- **SOURCE MATERIAL**:
--------------------
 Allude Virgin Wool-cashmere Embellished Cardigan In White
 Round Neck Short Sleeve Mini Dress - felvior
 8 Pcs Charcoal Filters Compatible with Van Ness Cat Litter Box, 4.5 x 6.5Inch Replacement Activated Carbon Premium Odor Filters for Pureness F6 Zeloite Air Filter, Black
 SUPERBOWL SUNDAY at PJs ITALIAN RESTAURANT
--------------------
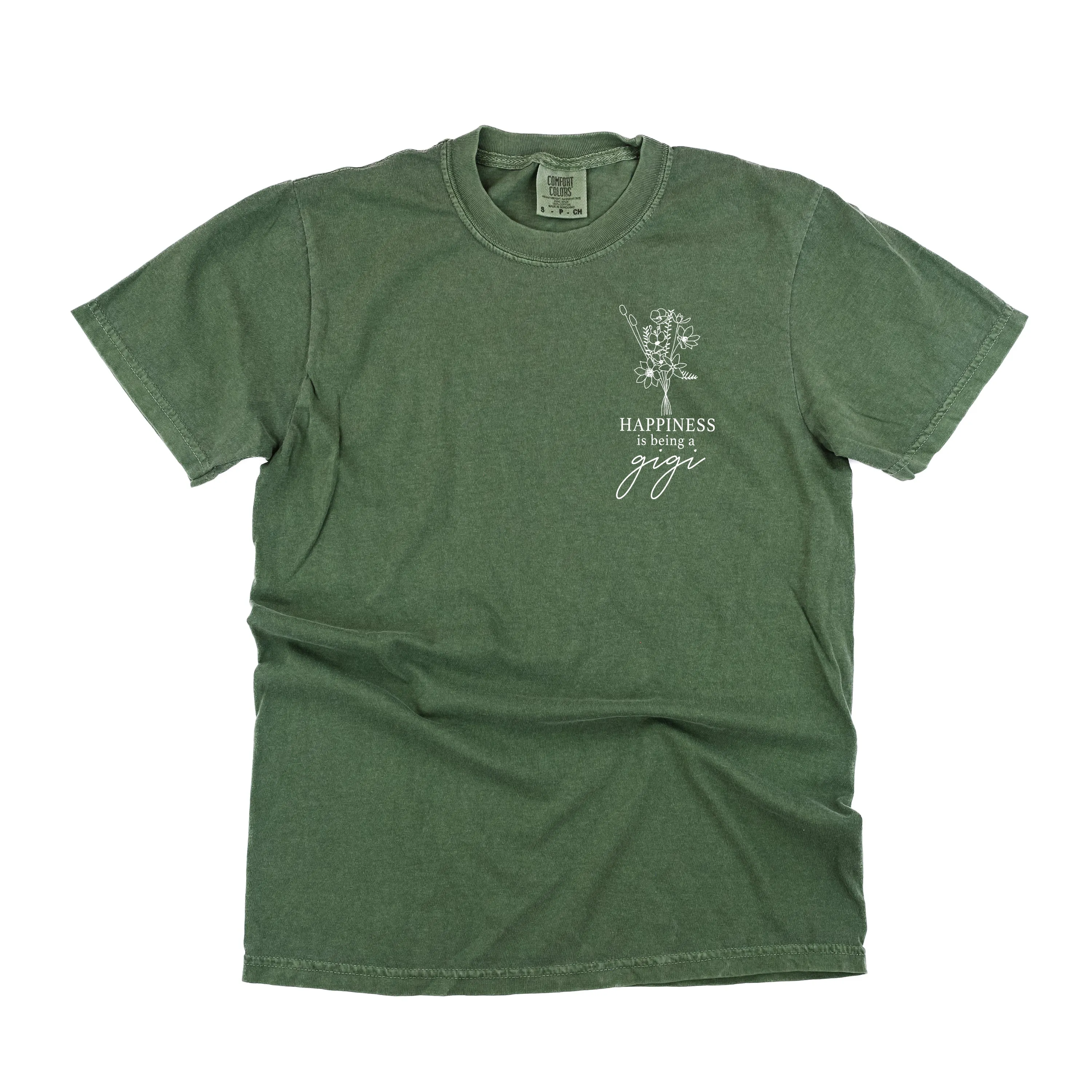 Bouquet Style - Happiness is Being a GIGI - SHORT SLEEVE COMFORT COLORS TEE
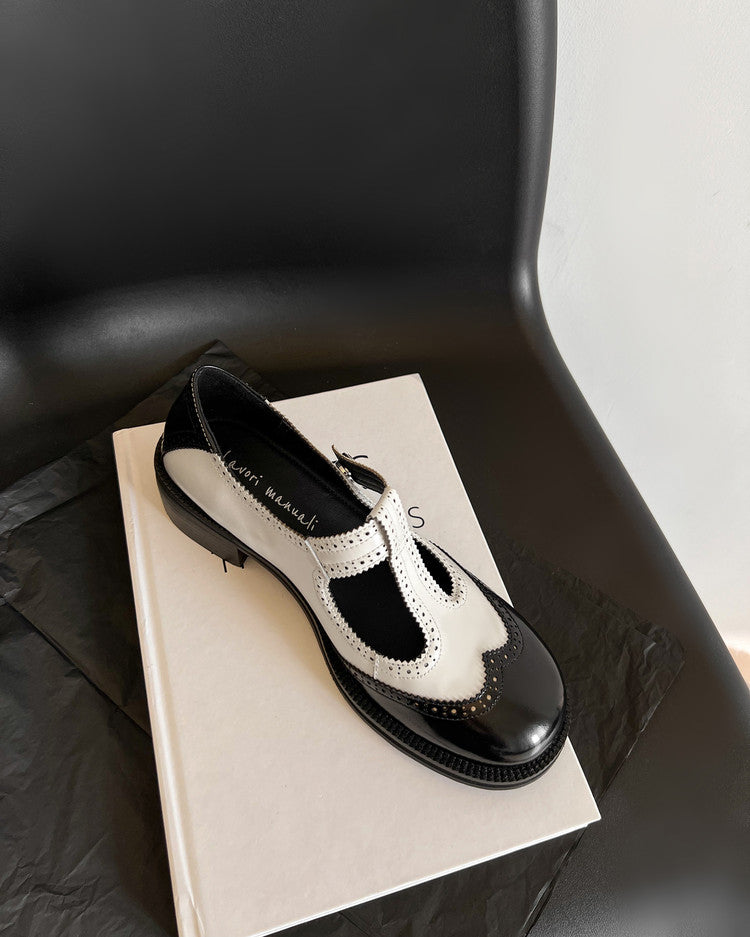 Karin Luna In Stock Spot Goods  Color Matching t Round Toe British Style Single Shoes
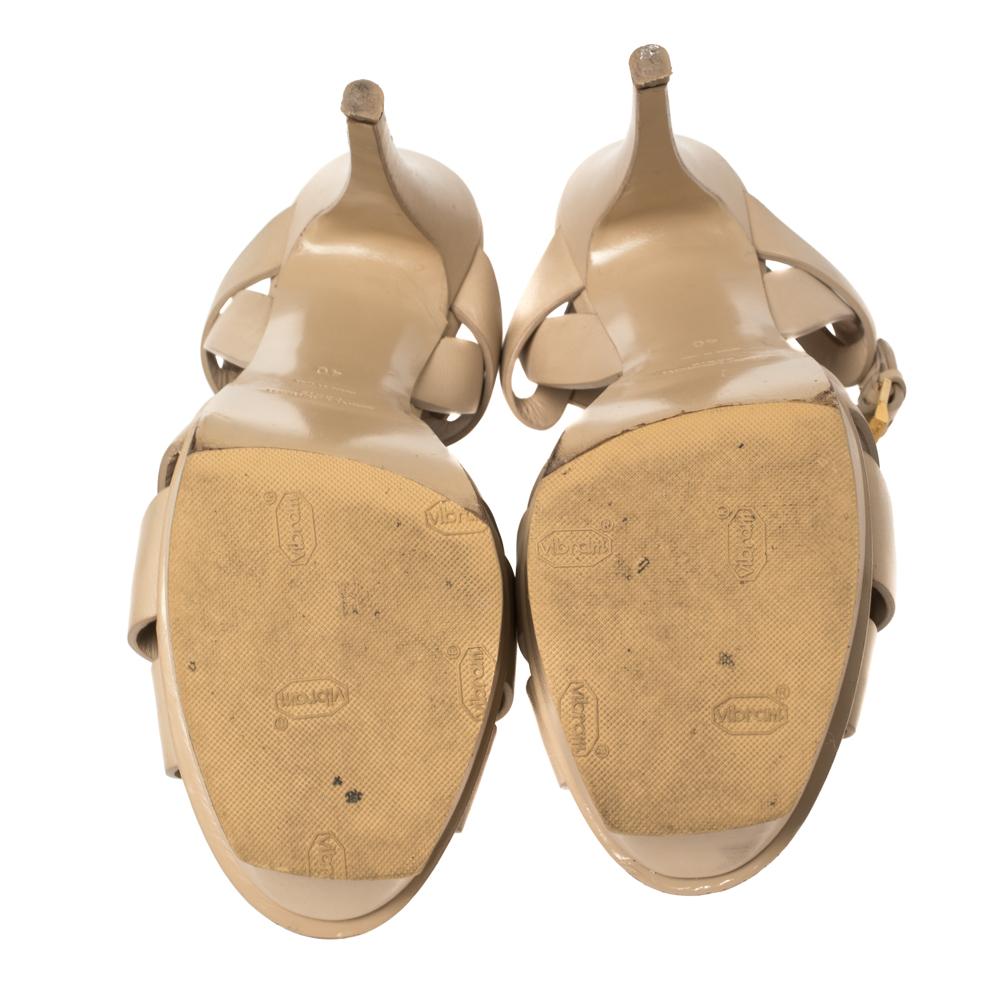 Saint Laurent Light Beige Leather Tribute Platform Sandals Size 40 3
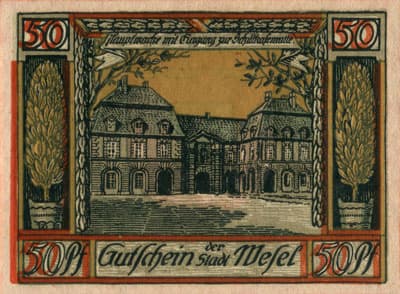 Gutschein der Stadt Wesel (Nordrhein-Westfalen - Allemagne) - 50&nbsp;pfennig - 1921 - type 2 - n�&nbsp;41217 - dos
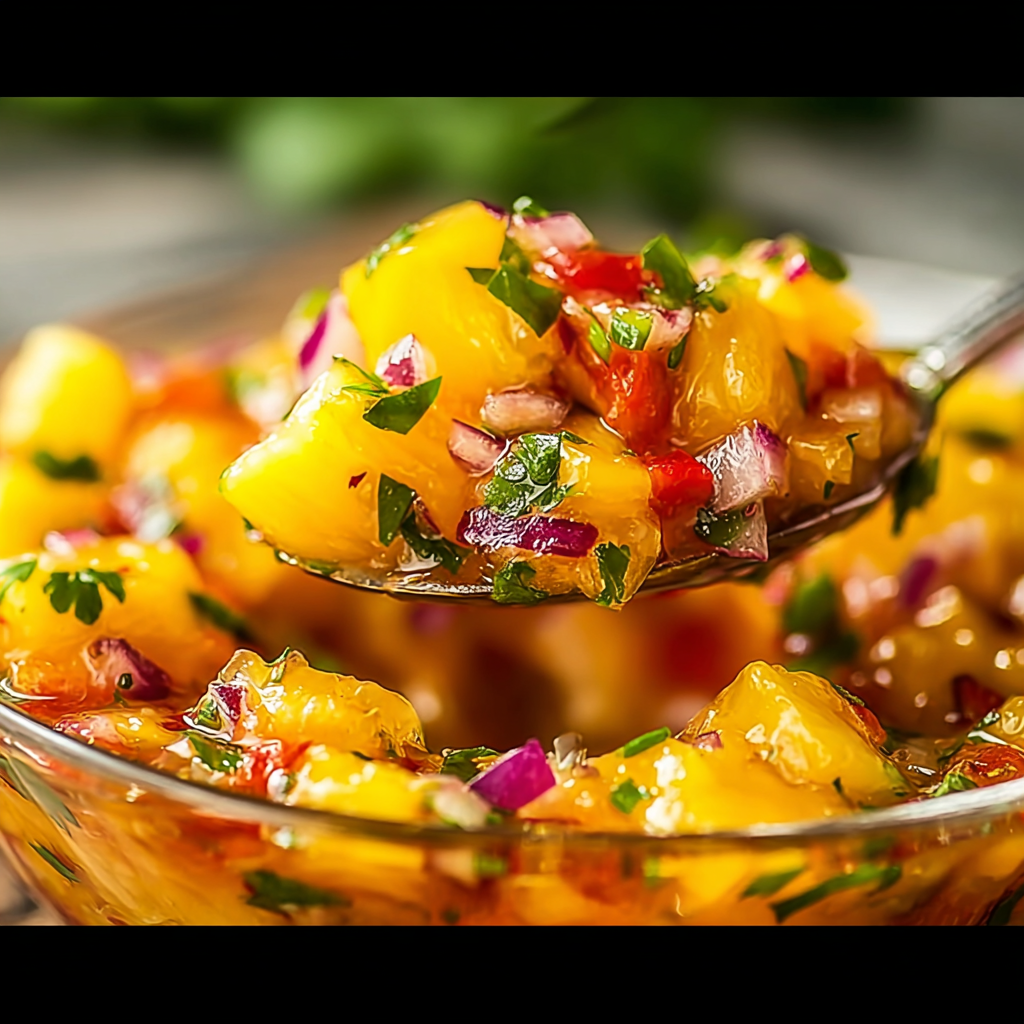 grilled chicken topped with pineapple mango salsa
--------------------
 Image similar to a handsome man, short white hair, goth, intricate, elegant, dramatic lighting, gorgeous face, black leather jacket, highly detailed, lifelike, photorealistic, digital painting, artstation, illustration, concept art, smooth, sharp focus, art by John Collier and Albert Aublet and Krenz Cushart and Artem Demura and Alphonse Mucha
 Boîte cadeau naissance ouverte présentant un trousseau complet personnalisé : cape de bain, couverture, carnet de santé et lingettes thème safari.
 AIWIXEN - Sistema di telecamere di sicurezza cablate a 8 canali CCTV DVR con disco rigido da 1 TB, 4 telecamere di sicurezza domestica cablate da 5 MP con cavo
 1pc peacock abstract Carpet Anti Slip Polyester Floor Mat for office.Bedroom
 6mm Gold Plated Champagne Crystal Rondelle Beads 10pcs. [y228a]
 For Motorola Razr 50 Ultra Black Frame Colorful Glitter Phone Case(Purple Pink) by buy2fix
--------------------
- **TASK GOAL**:
Please repeat, exactly as written, the lines in the records above, starting with the one that has "Karin Luna In" and going on through the one that has "grilled chicken topped". Pictures are to be left out.

- **ANSWER BOX**:
 Karin Luna In Stock Spot Goods  Color Matching t Round Toe British Style Single Shoes
 Saint Laurent Light Beige Leather Tribute Platform Sandals Size 40 3
 Gutschein der Stadt Wesel (Nordrhein-Westfalen - Allemagne) - 50&nbsp;pfennig - 1921 - type 2 - n�&nbsp;41217 - dos
 grilled chicken topped with pineapple mango salsa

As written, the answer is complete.